Item 9A. Controls and Procedures
Disclosure Controls and Procedures
We conducted an evaluation under the supervision and with the participation of Meridian’s management, including our Chief Executive Officer and Chief Accounting Officer, of the effectiveness of the design and operation of our disclosure controls and procedures (as defined in Rule 13a-15(e) under the Securities Exchange Act of 1934) as of the end of the fourth quarter of 2007. Based upon that evaluation, our Chief Executive Officer and Chief Accounting Officer concluded that the design and operation of our disclosure controls and procedures are effective. There have been no significant changes in our internal controls or in other factors during the fourth quarter of 2007 that could significantly affect these controls.
Management’s Annual Report on Internal Control Over Financial Reporting
Management is responsible for establishing and maintaining a system of adequate internal control over the Company’s financial reporting, which is designed to provide reasonable assurance regarding the preparation of reliable published consolidated financial statements. All internal control systems, no matter how well designed, have inherent limitations. Therefore, even those systems determined to be effective can provide only reasonable assurance with respect to financial statement preparation and presentation.
The Company’s management assessed the effectiveness of the Company’s system of internal control over financial reporting as of December 31, 2007. In making this assessment, the Company’s management used the criteria for effective internal control over financial reporting described in “Internal Control — Integrated Framework” that the Committee of Sponsoring Organizations of the Treadway Commission issued.
Based on its assessment using those criteria, management believes that, as of December 31, 2007, the Company’s system of internal control over financial reporting was effective.
The Company’s independent registered public accounting firm has issued a report on the effectiveness of the Company’s internal control over financial reporting, which report follows.

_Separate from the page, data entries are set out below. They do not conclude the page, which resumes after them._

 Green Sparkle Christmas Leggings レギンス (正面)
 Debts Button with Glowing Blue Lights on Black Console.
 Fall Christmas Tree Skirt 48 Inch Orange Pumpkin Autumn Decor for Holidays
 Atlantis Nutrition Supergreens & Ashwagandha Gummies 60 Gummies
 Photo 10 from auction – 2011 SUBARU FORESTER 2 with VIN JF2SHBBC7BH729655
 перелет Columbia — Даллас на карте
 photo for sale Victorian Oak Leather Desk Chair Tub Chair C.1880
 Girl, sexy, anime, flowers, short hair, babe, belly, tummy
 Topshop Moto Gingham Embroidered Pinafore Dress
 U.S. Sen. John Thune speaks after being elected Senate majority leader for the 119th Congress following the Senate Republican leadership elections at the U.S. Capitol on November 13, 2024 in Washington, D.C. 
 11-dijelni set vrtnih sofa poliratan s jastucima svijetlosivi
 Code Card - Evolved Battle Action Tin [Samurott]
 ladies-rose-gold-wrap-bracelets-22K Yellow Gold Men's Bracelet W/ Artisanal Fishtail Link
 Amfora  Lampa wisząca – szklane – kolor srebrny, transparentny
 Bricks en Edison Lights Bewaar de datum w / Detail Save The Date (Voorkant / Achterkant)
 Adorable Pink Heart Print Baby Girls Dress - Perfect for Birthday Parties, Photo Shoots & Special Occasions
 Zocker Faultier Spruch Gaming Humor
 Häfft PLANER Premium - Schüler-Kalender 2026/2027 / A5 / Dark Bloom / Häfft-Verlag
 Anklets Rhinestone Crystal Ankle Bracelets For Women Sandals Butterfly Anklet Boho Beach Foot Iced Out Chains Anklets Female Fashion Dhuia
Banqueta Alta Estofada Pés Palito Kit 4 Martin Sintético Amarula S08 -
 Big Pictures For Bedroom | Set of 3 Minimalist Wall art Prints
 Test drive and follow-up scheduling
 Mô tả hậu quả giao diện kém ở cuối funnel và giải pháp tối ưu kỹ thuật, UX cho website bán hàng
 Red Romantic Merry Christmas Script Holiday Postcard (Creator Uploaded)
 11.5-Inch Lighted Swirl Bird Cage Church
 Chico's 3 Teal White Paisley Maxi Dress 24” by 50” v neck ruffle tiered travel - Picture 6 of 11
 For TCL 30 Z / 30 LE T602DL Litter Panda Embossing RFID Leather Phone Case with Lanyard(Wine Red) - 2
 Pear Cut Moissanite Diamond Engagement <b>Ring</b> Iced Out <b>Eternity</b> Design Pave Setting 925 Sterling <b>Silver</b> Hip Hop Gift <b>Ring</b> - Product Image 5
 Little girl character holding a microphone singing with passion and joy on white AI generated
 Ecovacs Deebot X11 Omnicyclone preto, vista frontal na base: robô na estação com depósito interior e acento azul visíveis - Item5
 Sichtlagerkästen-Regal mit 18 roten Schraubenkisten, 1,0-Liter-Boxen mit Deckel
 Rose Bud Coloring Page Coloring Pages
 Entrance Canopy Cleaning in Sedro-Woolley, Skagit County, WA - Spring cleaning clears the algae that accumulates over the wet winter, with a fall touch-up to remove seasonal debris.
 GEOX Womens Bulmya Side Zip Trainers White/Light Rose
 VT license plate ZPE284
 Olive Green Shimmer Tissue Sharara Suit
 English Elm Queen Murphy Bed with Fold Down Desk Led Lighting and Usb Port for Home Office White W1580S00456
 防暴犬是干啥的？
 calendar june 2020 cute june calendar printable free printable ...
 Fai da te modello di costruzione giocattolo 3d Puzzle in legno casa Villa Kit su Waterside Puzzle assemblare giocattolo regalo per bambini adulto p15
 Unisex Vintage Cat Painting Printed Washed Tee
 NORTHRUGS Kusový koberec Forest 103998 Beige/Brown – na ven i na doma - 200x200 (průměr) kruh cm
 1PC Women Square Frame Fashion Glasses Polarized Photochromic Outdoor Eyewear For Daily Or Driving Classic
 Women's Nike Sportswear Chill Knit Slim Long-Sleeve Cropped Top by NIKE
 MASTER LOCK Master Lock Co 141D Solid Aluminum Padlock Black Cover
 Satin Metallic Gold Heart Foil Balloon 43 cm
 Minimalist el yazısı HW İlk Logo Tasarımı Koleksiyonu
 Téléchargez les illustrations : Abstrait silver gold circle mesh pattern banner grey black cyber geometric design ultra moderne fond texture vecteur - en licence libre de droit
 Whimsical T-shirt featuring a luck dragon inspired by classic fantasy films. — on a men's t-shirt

Report of Independent Registered Public Accounting Firm on Internal Control Over Financial Reporting
Board of Directors and Shareholders
The Meridian Resource Corporation
Houston, Texas
We have audited The Meridian Resource Corporation’s internal control over financial reporting as of December 31, 2007, based on criteria established in Internal Control — Integrated Framework issued by the Committee of Sponsoring Organizations of the Treadway Commission (the COSO criteria). The Meridian Resource Corporation’s management is responsible for maintaining effective internal control over financial reporting and for its assessment of the effectiveness of internal control over financial reporting, included in the accompanying “Item 9A, Management’s Annual Report on Internal Control Over Financial Reporting”. Our responsibility is to express an opinion on the Company’s internal control over financial reporting based on our audit.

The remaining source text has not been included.